UN 38.3 Compliance for Lithium Batteries: Essential Tests and Safety Standards

Lithium batteries power 83% of portable electronics worldwide, but improper handling during transportation accounts for 23% of aviation fire incidents. To prevent these risks, it's essential to follow the UN 38.3 standard for shipping lithium batteries via air, road, or rail. This standard ensures the safety of lithium batteries during transit and outlines eight critical tests that must be met to guarantee compliance.
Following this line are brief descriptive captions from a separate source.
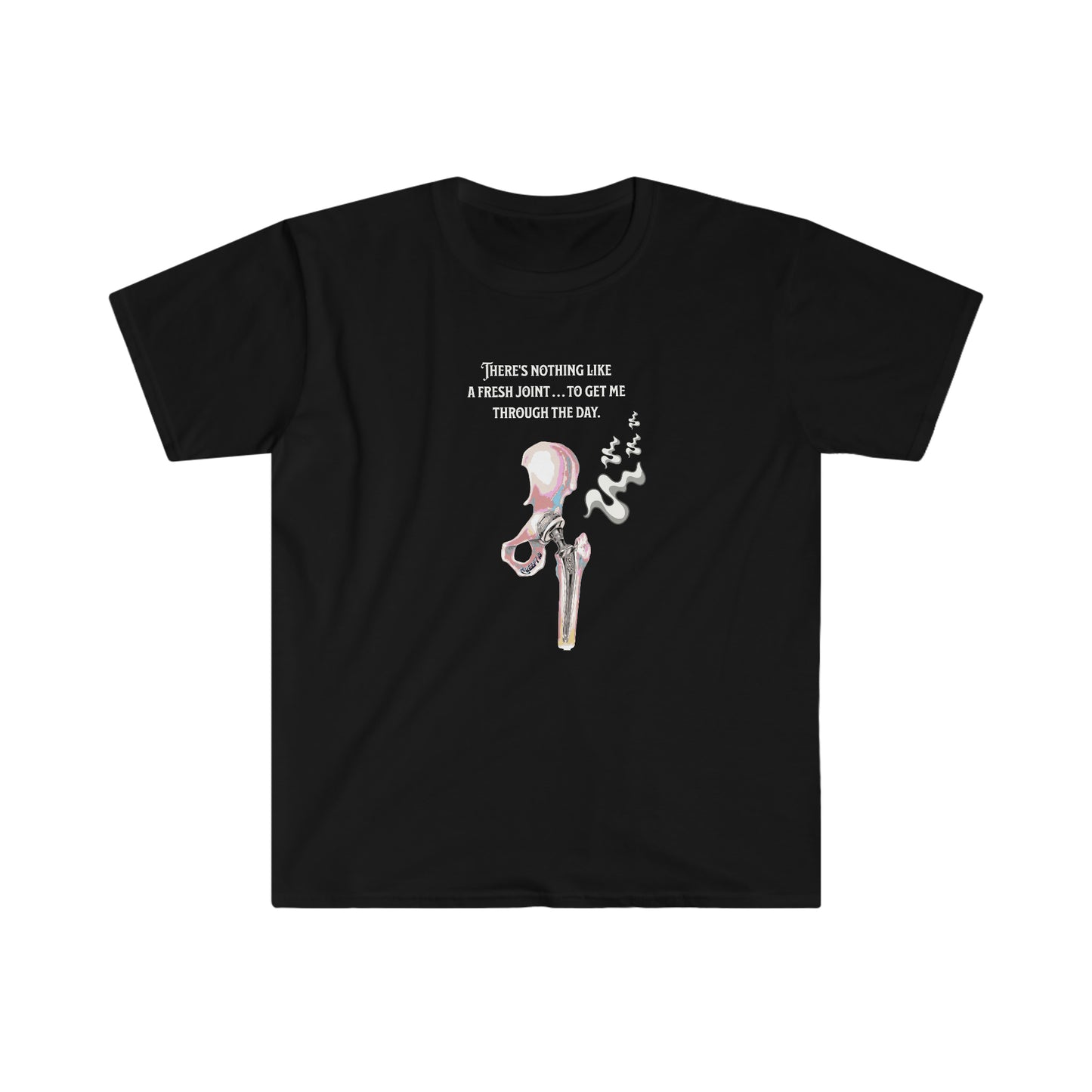 Hip Fresh Joint Front and back printed Unisex Softstyle T-Shirt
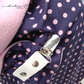 Echarpe Polaire Rose - Pois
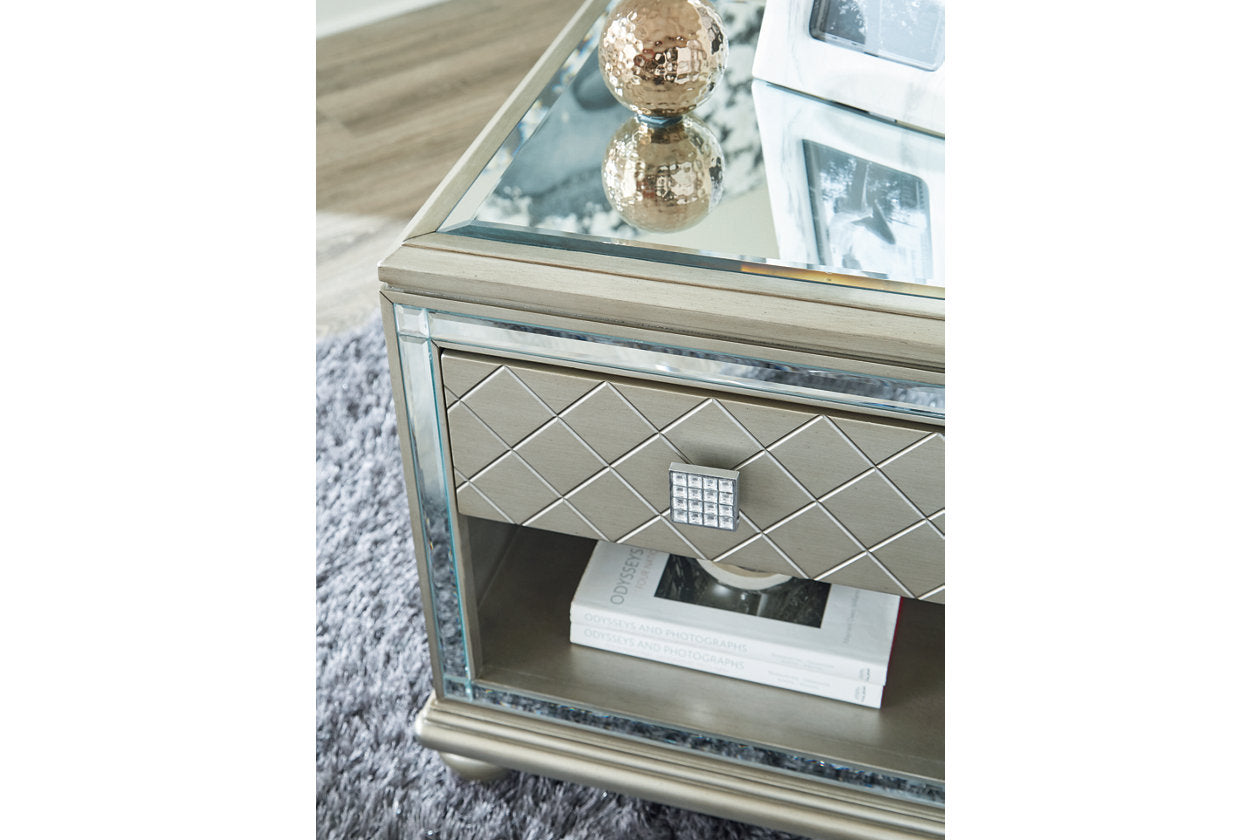 Chevanna Platinum End Table - T942-3 - Bien Home Furniture &amp; Electronics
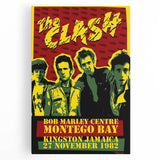 The Clash Bob Marley Centre Poster | Retro Punk Rock Wall Art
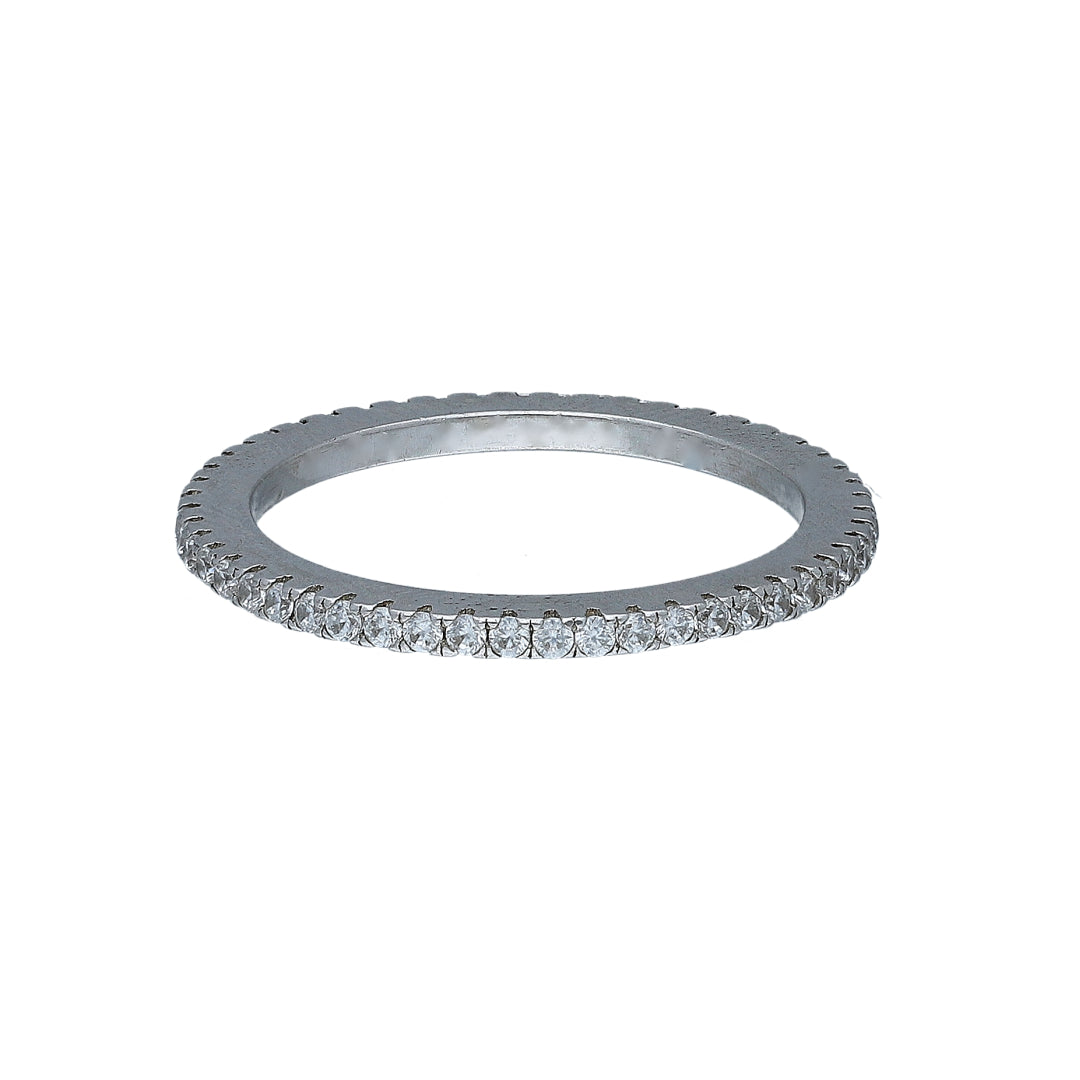 Sterling Silver 925 Eternity Band Ring - FKJRNSL11084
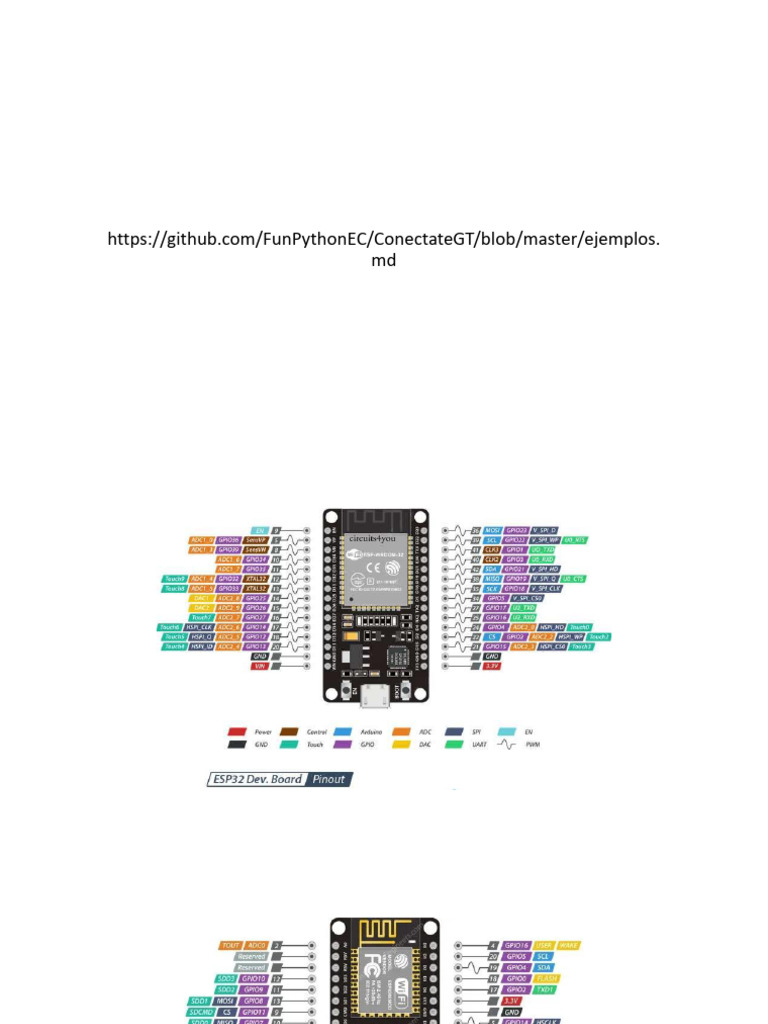Empezando con micropython ESP | PDF | Wifi | Ingenieria Eléctrica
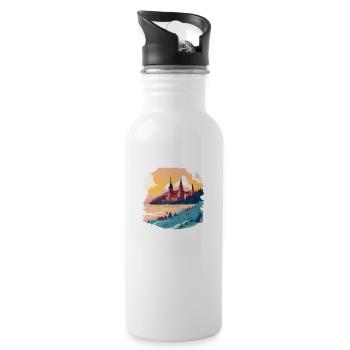 Germany is a country of abundant and diverse - Water bottle with straw - white - Right
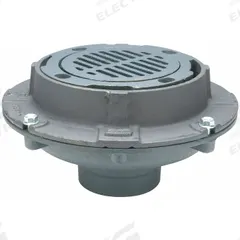 ZURN Floor Drain: 12 in Overall Dia, 4 in Nominal Pipe Size, No Hub, Cast Iron, Cast Iron, Slotted (MPN Z554-4NH). Key specifications — Connection Type: No Hub; Brand: ZURN; Includes: Sur-Set bucket.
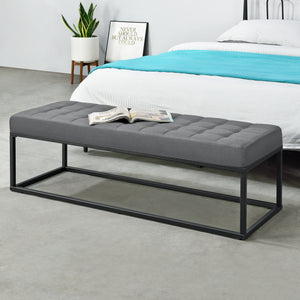 Salta kárpitozott pad fém 120x40x38 cm különböző színekben [pro.tec] - premiumXL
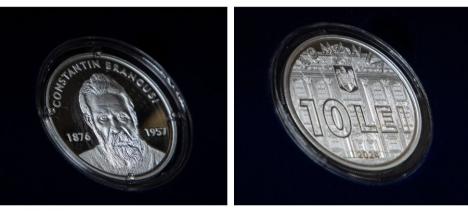 Banca Națională a lansat o monedă din argint cu portretul lui Brâncuşi. Cât costă și de unde poate fi cumpărată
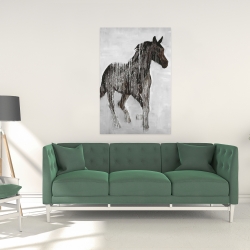 Toile 24 x 36 - Cheval brun abstrait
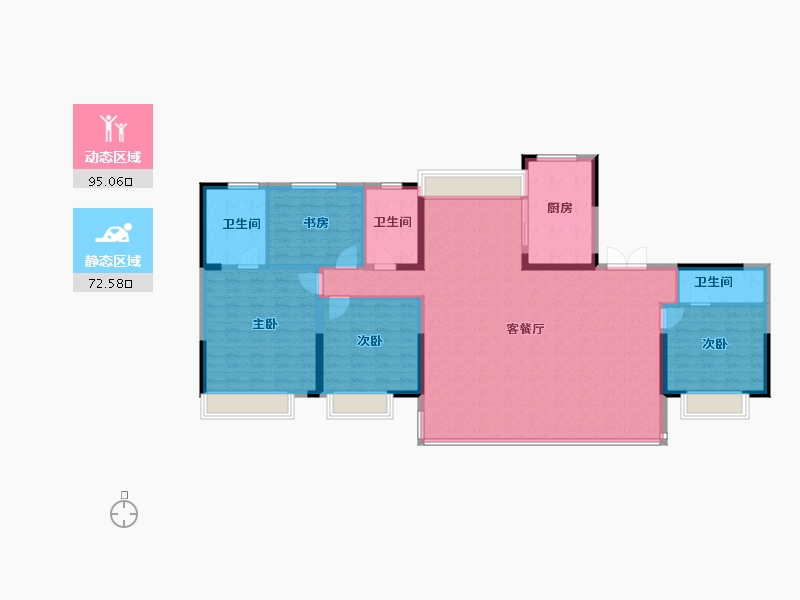 山东省-济南市-柏悦府-154.00-户型库-动静分区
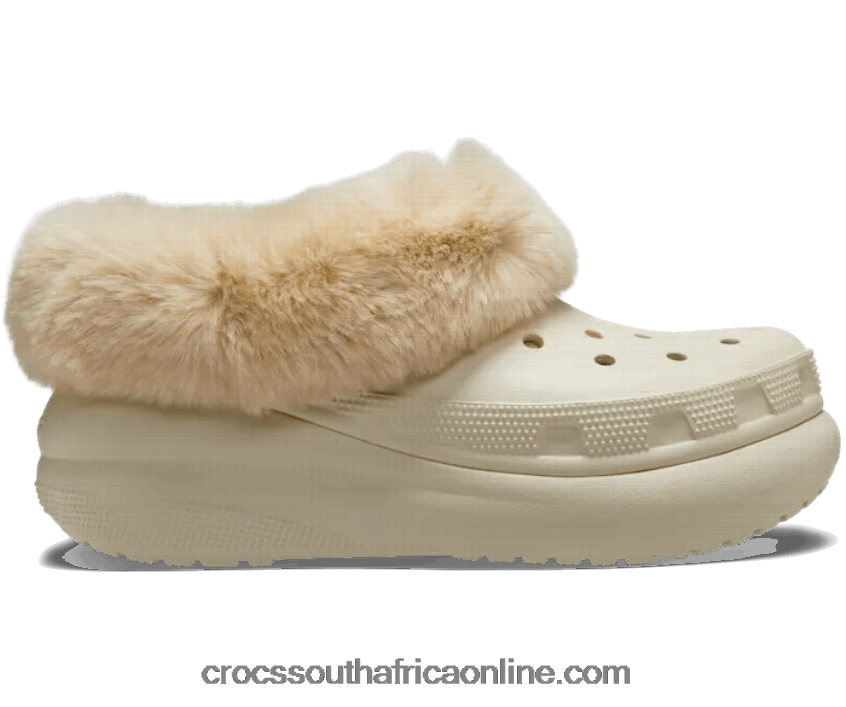 Women Furever Crush Shoe Bone Crocs FBL6TX163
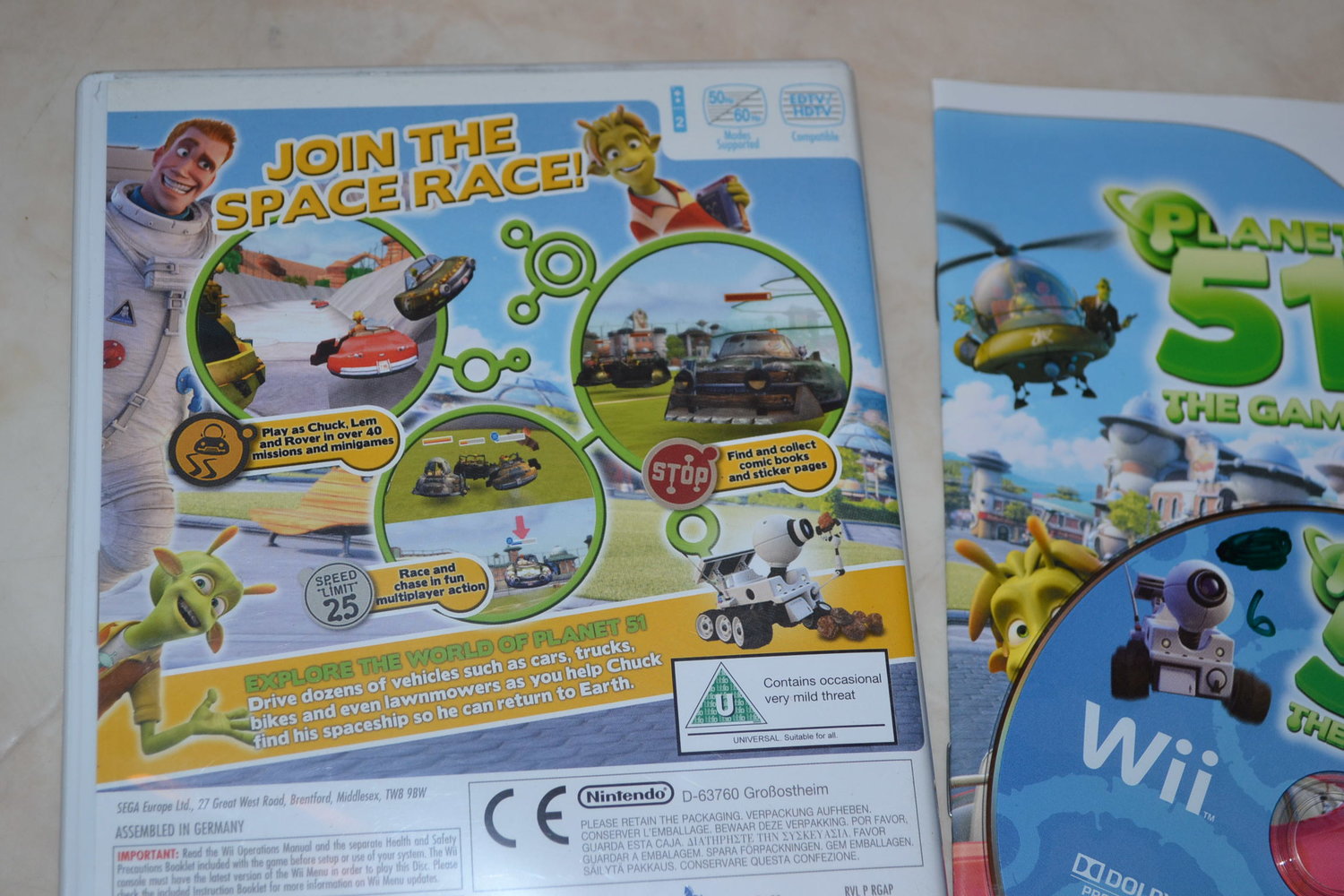 Planet 51 The Game Wii Nintendo Komplett Fint Skick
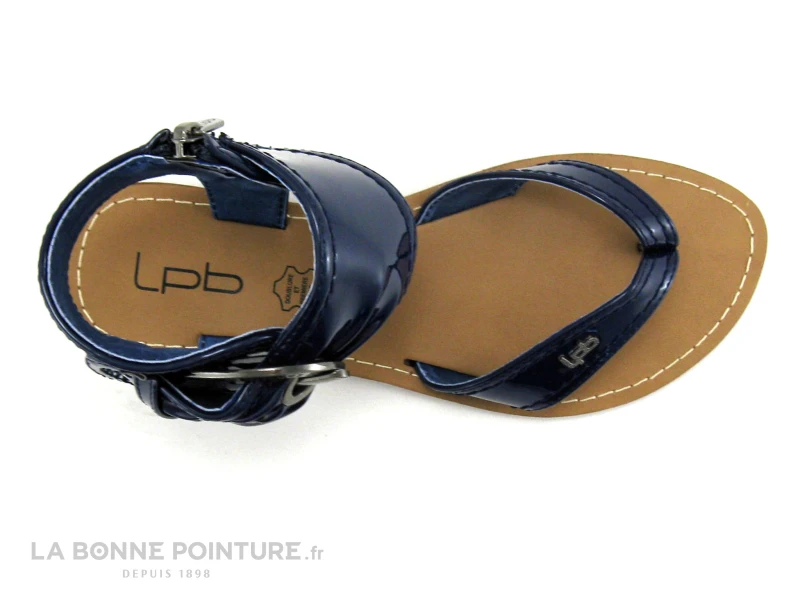 Les Ptites Bombes THALIE Verni Bleu - Sandale Entre-doigts 8 Les Ptites Bombes THALIE Verni Bleu - Sandale Entre-doigts â Image 6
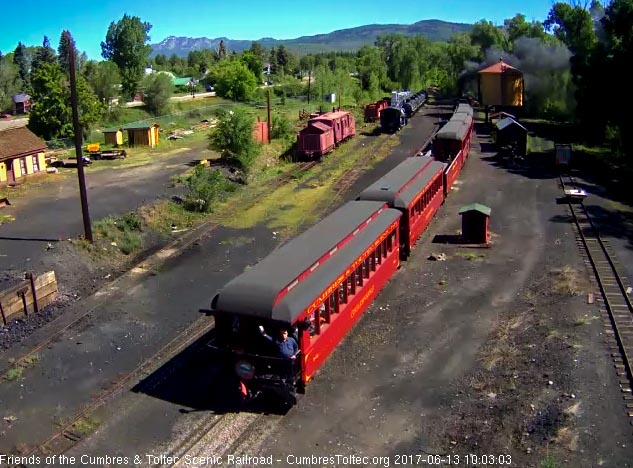 6-13-17 As the Colorado comes by the tipple, we see that the 'waver' is riding parlor again.jpg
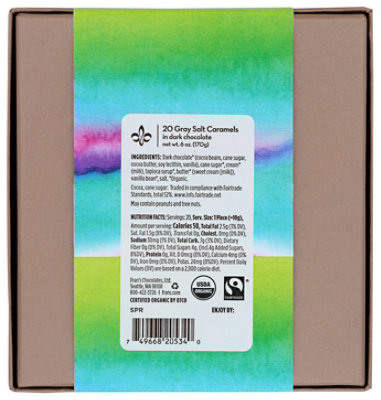 Frans Gray Salt Carm Gift Box W/green Ribbon 20 Piece - 6 OZ - Image 4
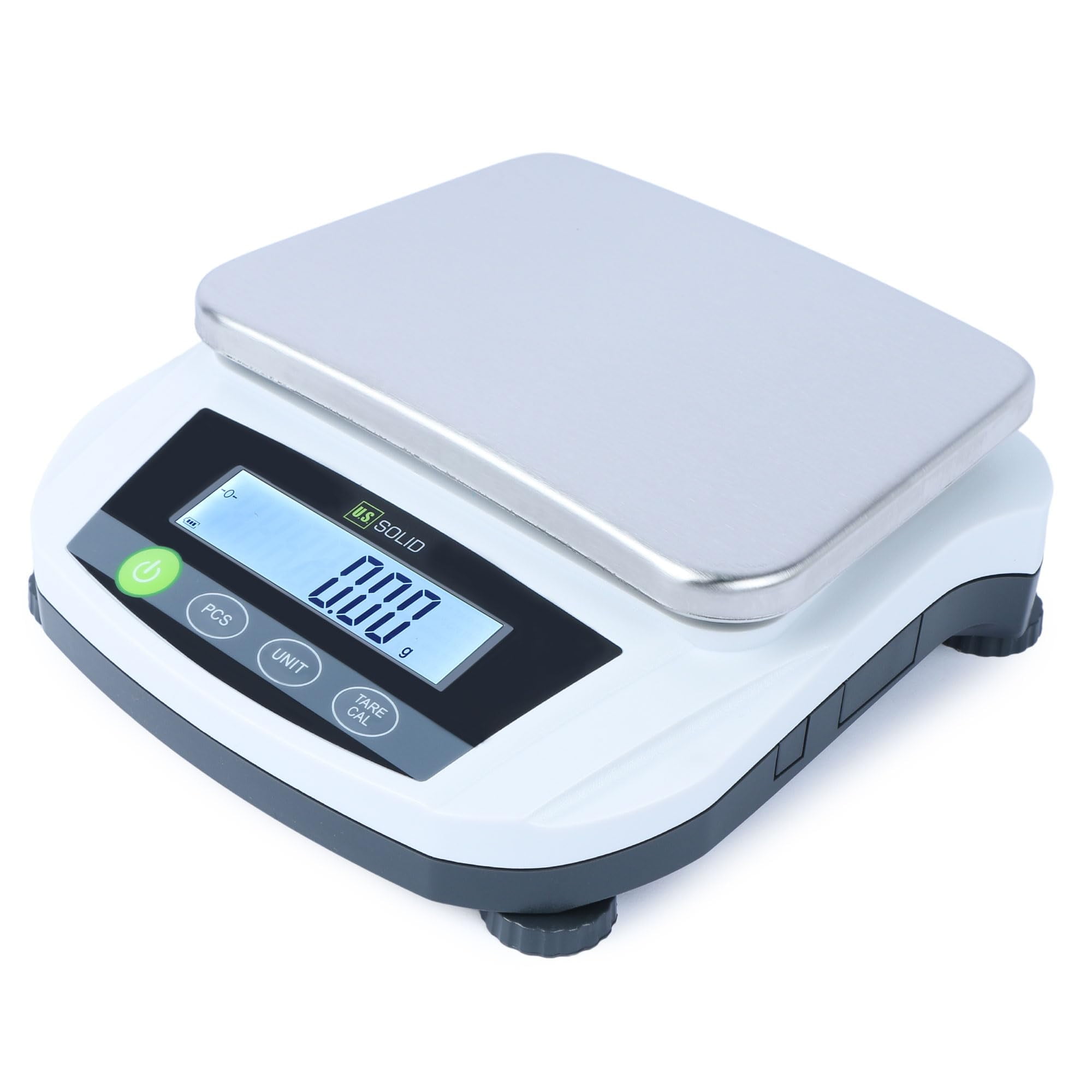 Precision Balancing Scales U.S. Solid 5000g x 0.01g Analytical Digital 10mg Lab Precision Balance ...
UN 38.3 Compliance for Lithium Batteries: Essential Tests and Safety Standards

1. Altitude Simulation Test

This test simulates the conditions in an aircraft cargo hold at altitudes of up to 15,000 meters. The battery undergoes exposure to a low air pressure of 11.6 kilopascals for six hours. To pass, the battery must show no loss of mass, maintain the closure of the overpressure valve, remain free from cracks or leaks, and exhibit no more than a 10% deviation in voltage from its initial value.

2. Thermal Test

Following the altitude simulation, the battery undergoes a thermal test. First, it is stored for six hours at 72°C and then cooled to -40°C for the next six hours. This extreme temperature fluctuation helps evaluate the pressure on seals and internal electrical connections. After 10 cycles in a thermal shock chamber, the battery is stored at room temperature for 24 hours. To pass, it must meet the criteria outlined in the altitude simulation.

3. Vibration Test

The vibration test simulates the typical shaking a battery experiences during transport. The battery is placed in a device that shakes between 7 and 200 times per second (Hertz) for a total of three hours. The same criteria from the altitude simulation must be met, ensuring the battery's durability against physical impact during transit.

4. Impact Test

The impact test assesses how a lithium battery reacts when subjected to force. Depending on the battery's type and size, force levels of 150G/6mS or 50G/11mS are applied. The housing must remain intact without any cracks or damage. Like the previous tests, it must meet the conditions specified in the altitude simulation.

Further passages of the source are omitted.